## About this exercise
Give again, exactly as written, the lines of the records below from the line with "8732 Melody Lane, Macedonia, OH" to the line with "Tommy Hilfiger purse". Both end lines count; pictures do not.

## Data for this exercise
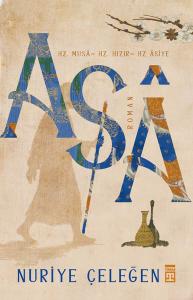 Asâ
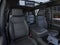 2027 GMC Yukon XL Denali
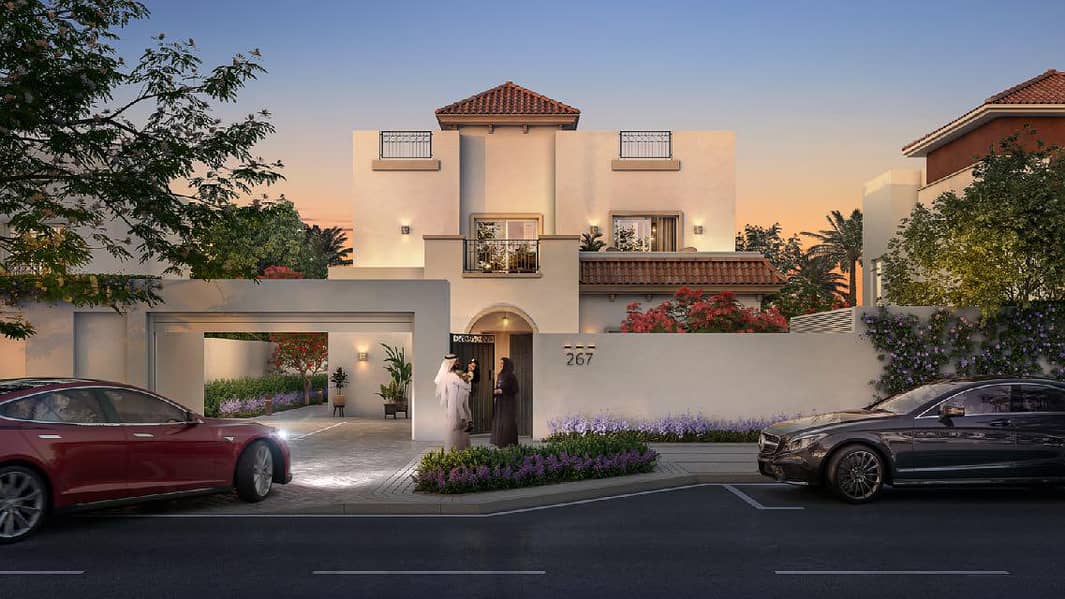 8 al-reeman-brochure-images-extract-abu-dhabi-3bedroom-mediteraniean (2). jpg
...
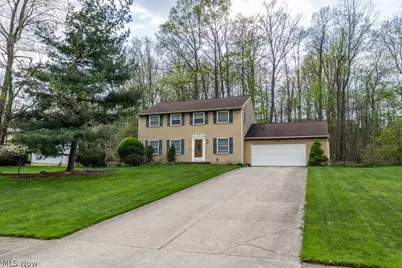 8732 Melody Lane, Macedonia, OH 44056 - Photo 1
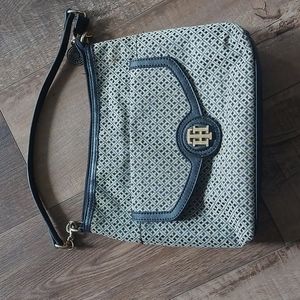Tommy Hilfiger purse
* * *
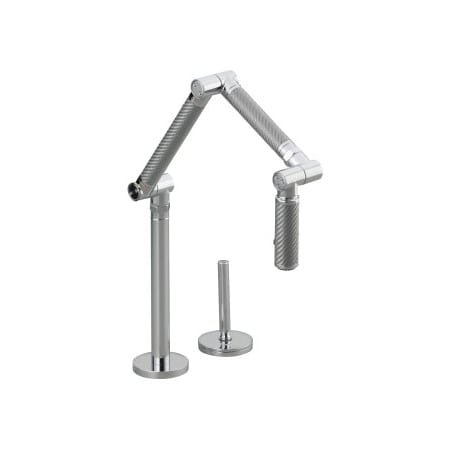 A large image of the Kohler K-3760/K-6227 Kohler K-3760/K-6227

## Answer for this exercise
 8732 Melody Lane, Macedonia, OH 44056 - Photo 1
Tommy Hilfiger purse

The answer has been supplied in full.